米粒写経の映画談話室というYouTubeが好きで毎月見ている。映画評論家の松崎健夫さんが、先日、番組の冒頭のフリートーク的な部分で話したエピソードが印象的で、ちかごろよくそのことを考えている。

それは、「こんなにうまいものがあるのかと感動した」という言葉からはじまる。映画を見て評論をする以外の印象がまったくない松崎さん、着るものは黒で統一しており(選ぶのが面倒だからだろう)、映画以外の理由で旅行に行くこともなさそうな松崎さんが、めずらしく飲食の話などするので、その時点でかなりフリが効いていて、そうかそうか、どんなうまいものを食ったのか、とみんなワクワクして先を待つ。すると彼がこの度はじめて食べたうまいものとは、

「うまい棒 めんたい味」

であった。そんなこったろうと思った。

「いいですかみなさん! ひとつのことに人生を捧げてしまうと! こうなります! 人生の98%くらいを映画に捧げてしまったばっかりに! この人はこんなことに!」

中年も半ばを過ぎて、うまい棒のめんたい味をはじめて食べて感動するというエピソード。それを笑いながらも我がこととして受け止める私の心。近年、ときには「かわいい」とすら称されるタイプの偏り。毒はないがしびれる。自虐のような自尊。なんだかいろんなことを考えてしまう。
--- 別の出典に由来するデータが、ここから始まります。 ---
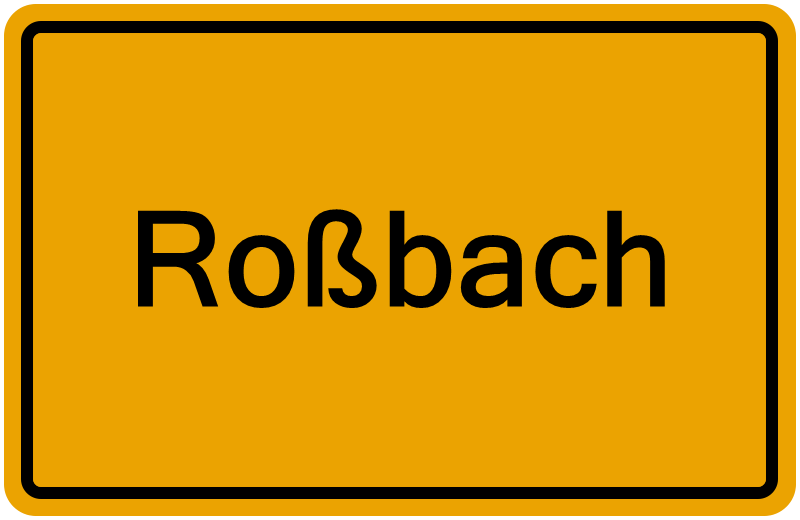 Handelsregisterauszug Roßbach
他者のあらゆる経験にいっちょ噛みできる環境に暮らす今において、「えっ、それをまだ経験していないの?」という驚きが強まっているとも言えるし、逆に、体験が個別化しすぎていてお互いの記憶を共有しづらくなっている今において、共通言語としてしっかり機能している「うまい棒 めんたい味」がすごいとも言える。真逆のことを言っている。しかしこれらは階層が違う話だ。

TikTokで万バズした動画のネタが半年遅れくらいで紅白歌合戦に流れたときに大人たちが「これ流行ったの?」と子どもに聞くと、えっ、今さら? と冷たい反応をされる、みたいなやつとも、構造としてはそんなに離れていない。でも、「うまい棒 めんたい味を生まれてはじめて食べて感動した中年」という内容には、ある種の断絶みたいなものがあまり感じられない。思えば不思議なことだなと思う。根本には、YouTubeの収録スタジオ内に、松崎さんの映画愛に対するスタッフ全員のリスペクトが注ぎ込まれているという前提があって、だからこそ温泉の泡のように暖かくはじける笑いが場に満ちたのだとは思う。

つまりあそこにあったのは、近年、あまり見ることのなくなった、

「それを今まで知らなかったの? →(からの)→ サイコーじゃん」

という展開というか空気だった。私はそれをなんだかすごく尊いと思ってしみじみ2回ほど見てしまった。今わりと切実に、「おかしのまちおか」に行きたい。